Grassroots Opposition Wins the Day

Thousands of people along the rail lines turned out to demand that these serious consequences were studied before project approval. People talked to their neighbors, submitted testimony at public hearings, joined rallies, and more. The victory here belongs to the communities from the mines to the rail routes to the export terminal sites who asked to slow down the process so their voice could be heard.

WORC weighed into the discussion with a series of reports. Heavy Traffic Ahead and its sequel, Heavy Traffic Still Ahead, were drafted by rail traffic analysts. These reports quantified the number of new coal trains induced by the proposed coal terminals. A third report, The True Cost of Coal Exports, summarizes the impacts of massive increases in coal train traffic.

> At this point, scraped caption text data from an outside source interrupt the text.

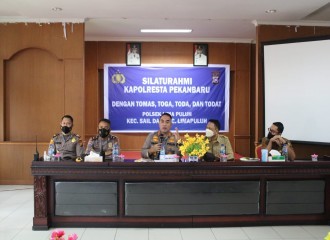 Kapolresta Pekanbaru Jalin Silaturahmi Bersama Para Tokoh Di Kec. Sail Dan Kec. Lima Puluh Kota Pekanbaru
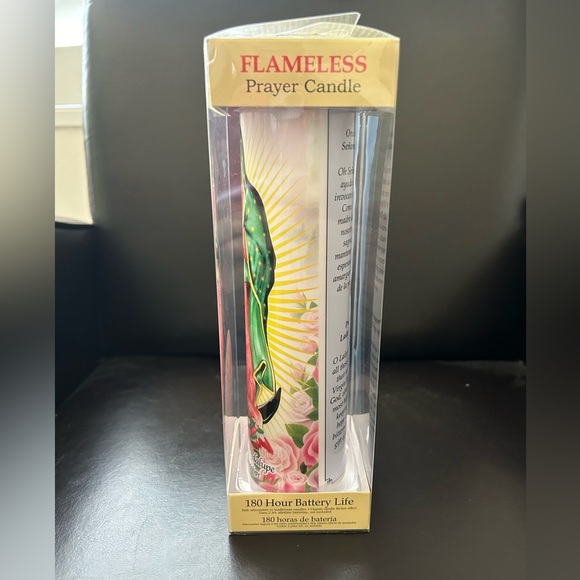 LED version of Guadalupe candle - Picture 4 of 5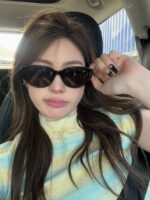 2025년 여성용 캣아이 선글라스 레트로 핫걸 화이트 프레임 하이엔드 인스 인터넷 셀럽 소형 얼굴 자외선 차단 개성 선글라스 남성용 - 이미지 5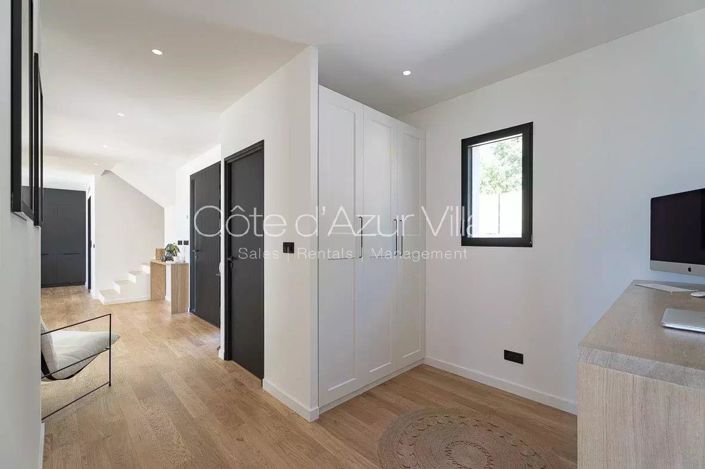 Image No.20-5 Bed House for sale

Ultimately, economics have undercut coal exports from the Pacific Northwest. The international price of coal is simply too low for Powder River Basin coal exports to pencil out. Grassroots pressure slowed the review process for a more thorough vetting, and the economics eventually caught up with the projects.

This does not mean that coal exports have concluded, however. Powder River Basin coal exports will continue through Westshore Terminals in British Columbia, as prices allow. Cloud Peak Energy recently reported contracts for 1.9 million tons of export coal from their Spring Creek mine in southeastern Montana.

Several projects in Washington remain mired in legal appeals. Millennium Bulk Terminals has commenced a lawsuit against the State of Washington, seeking to invalidate the disapproval of their sub-lease. SSA Marine, which advanced the Gateway Pacific project, continues to pursue a new pier at the site selected for Gateway. SSA could convert a new pier to handle coal fairly easily once built.

WORC and its member groups will continue to remain vigilant for new, or renewed, coal export projects.

Photo by Paul Anderson

To learn more about coal exports, you can reach Dan Cohn, WORC Regional Organizer, at dcohn [at] worc [dot] org, or by phone at 406-252-9672.

Read more coal stories here.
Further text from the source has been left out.